==== RECORDED DATA ====

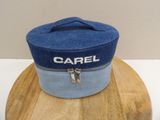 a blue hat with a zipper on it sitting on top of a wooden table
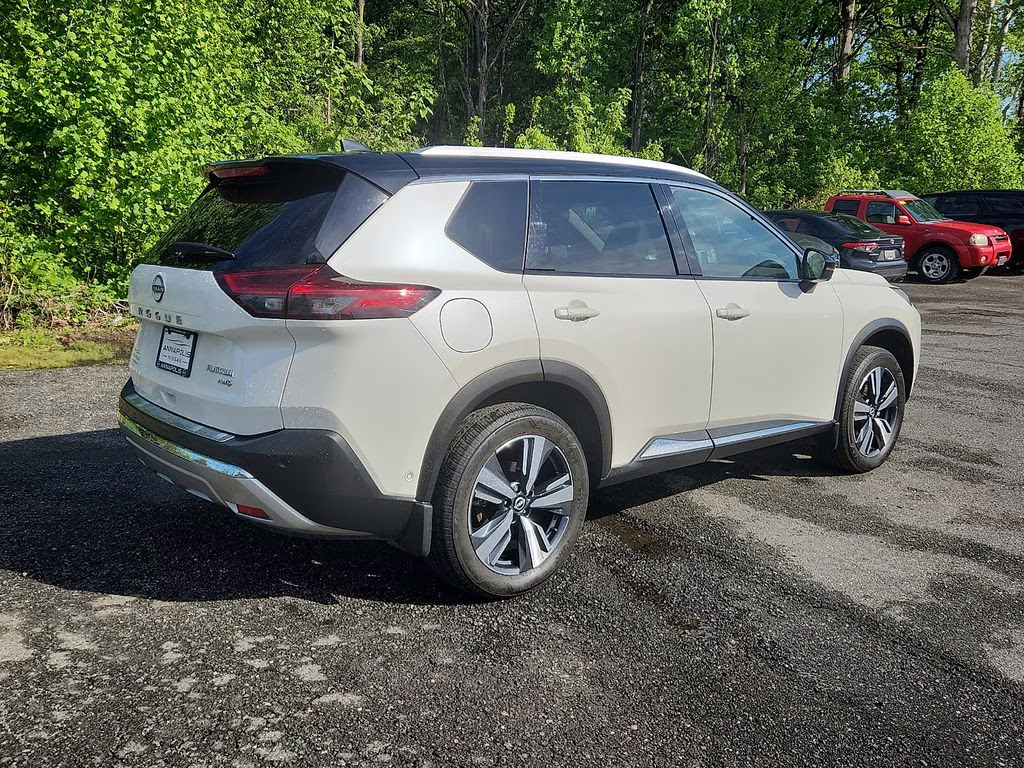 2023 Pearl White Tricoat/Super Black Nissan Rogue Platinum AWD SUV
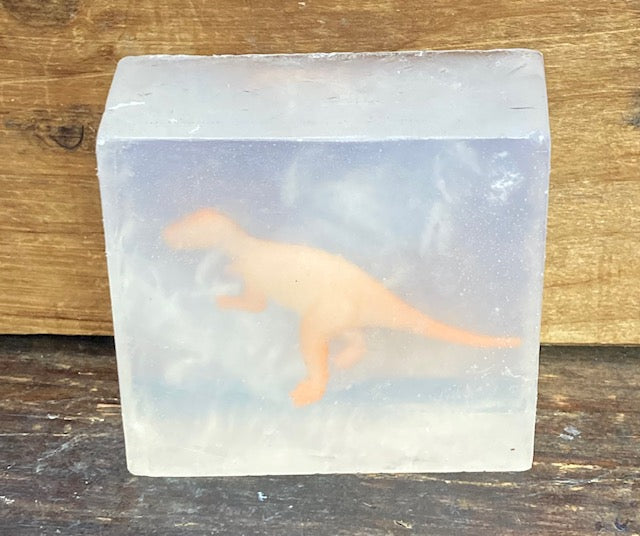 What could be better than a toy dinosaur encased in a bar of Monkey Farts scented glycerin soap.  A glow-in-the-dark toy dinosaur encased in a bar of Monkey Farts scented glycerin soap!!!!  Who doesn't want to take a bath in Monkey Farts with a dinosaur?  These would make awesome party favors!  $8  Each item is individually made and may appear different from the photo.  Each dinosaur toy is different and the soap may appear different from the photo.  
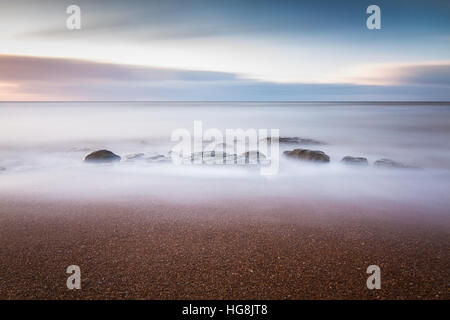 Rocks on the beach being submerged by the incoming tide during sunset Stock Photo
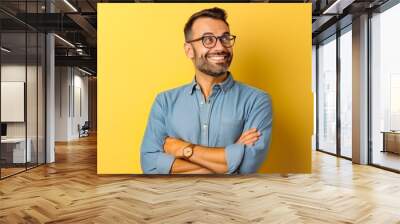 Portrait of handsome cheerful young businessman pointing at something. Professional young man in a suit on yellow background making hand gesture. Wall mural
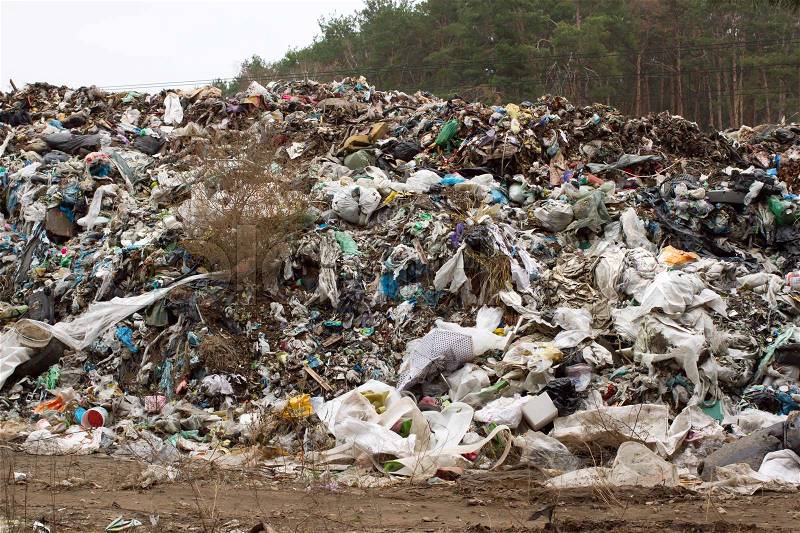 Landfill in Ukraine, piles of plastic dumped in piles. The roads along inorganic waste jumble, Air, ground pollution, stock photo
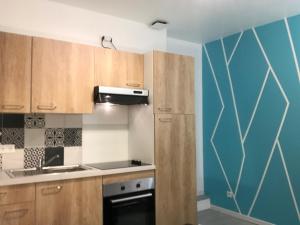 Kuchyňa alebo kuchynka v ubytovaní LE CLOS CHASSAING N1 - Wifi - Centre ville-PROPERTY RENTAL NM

====
==== RECORDED DATA ====

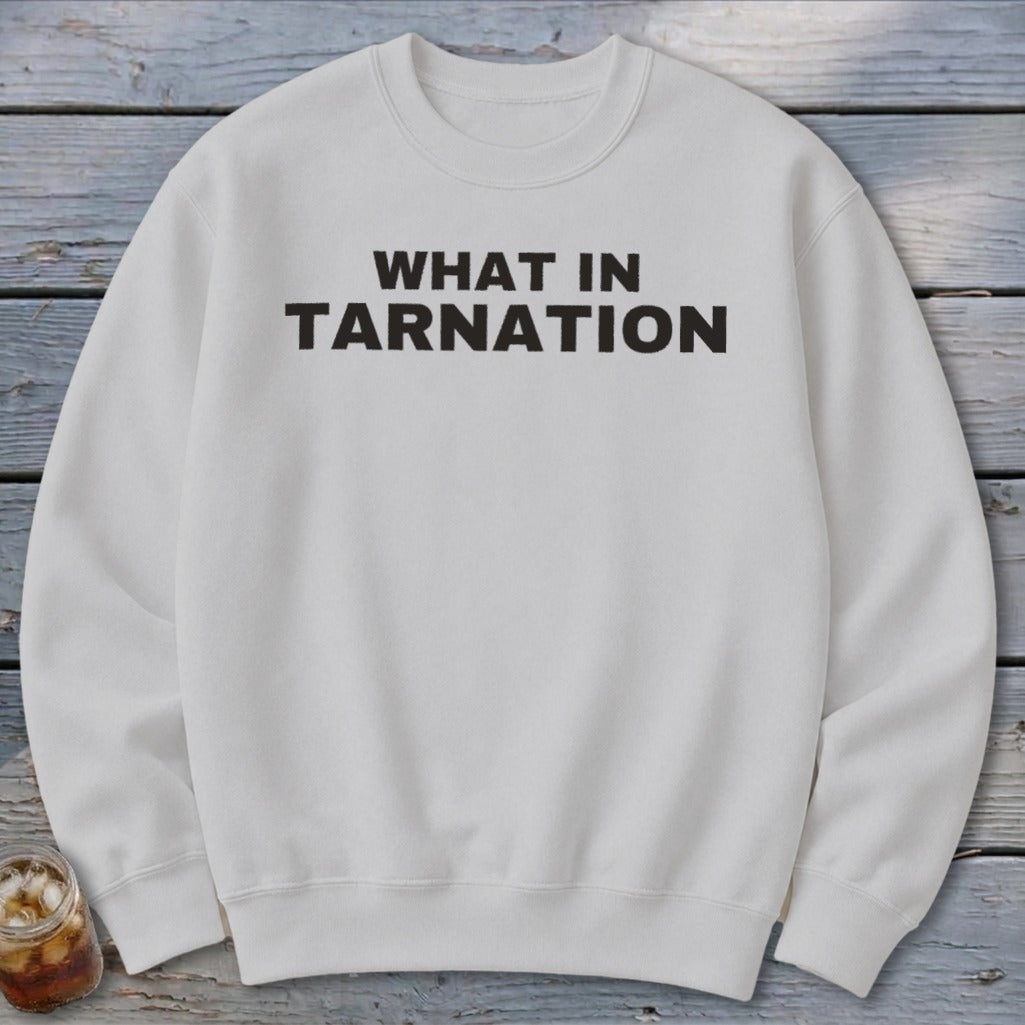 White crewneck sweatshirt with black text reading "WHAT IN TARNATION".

====
==== RECORDED DATA ====

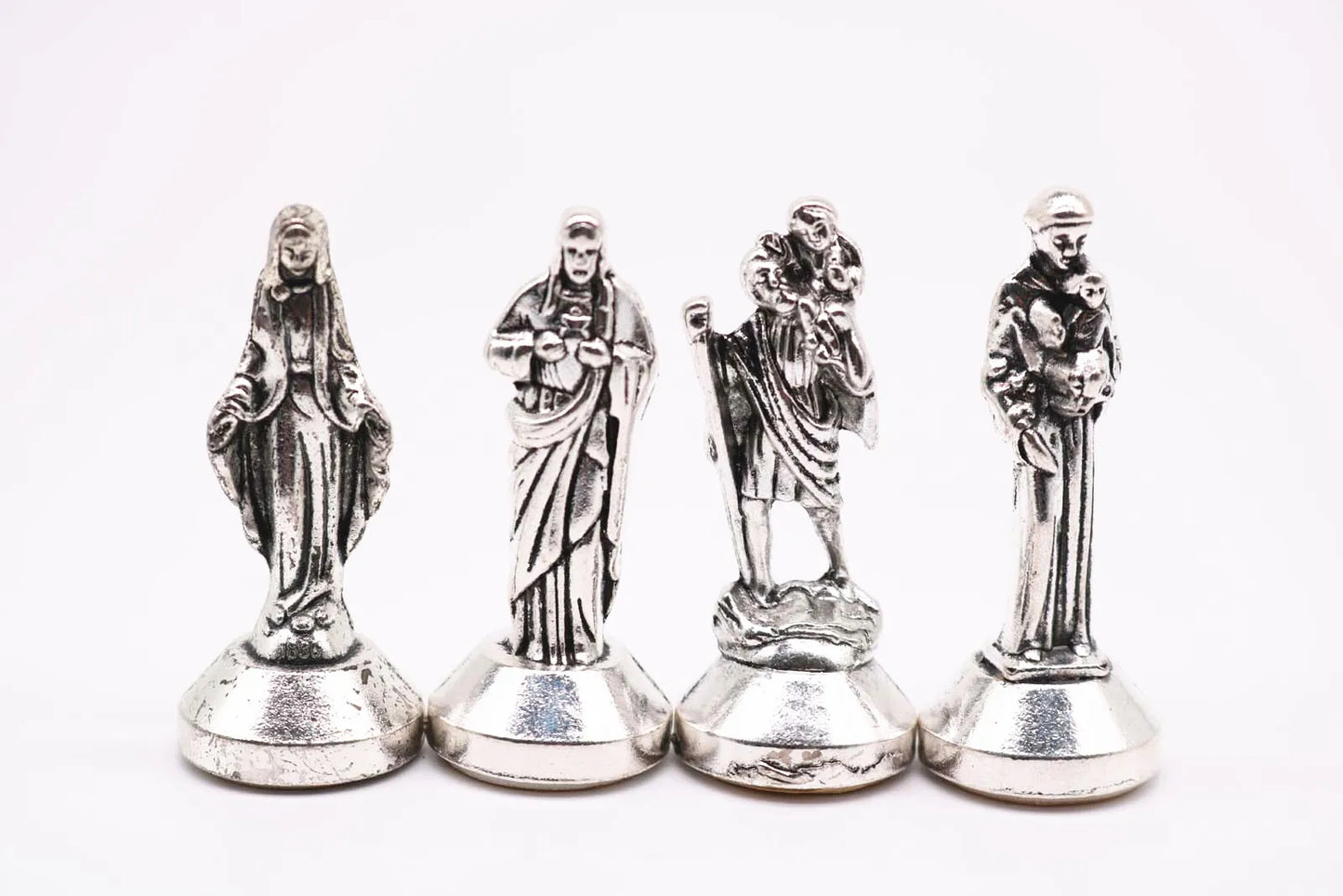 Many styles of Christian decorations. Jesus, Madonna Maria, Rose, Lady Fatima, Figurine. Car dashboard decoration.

====

**TASK OBJECTIVE**
Print from the line containing "2023 Pearl White" through the line containing "Portrait of handsome" in the data above, exactly as the lines stand, and omit every picture.

**EXERCISE SOLUTION**
 2023 Pearl White Tricoat/Super Black Nissan Rogue Platinum AWD SUV
 What could be better than a toy dinosaur encased in a bar of Monkey Farts scented glycerin soap.  A glow-in-the-dark toy dinosaur encased in a bar of Monkey Farts scented glycerin soap!!!!  Who doesn't want to take a bath in Monkey Farts with a dinosaur?  These would make awesome party favors!  $8  Each item is individually made and may appear different from the photo.  Each dinosaur toy is different and the soap may appear different from the photo.  
 Rocks on the beach being submerged by the incoming tide during sunset Stock Photo
 Portrait of handsome cheerful young businessman pointing at something. Professional young man in a suit on yellow background making hand gesture. Wall mural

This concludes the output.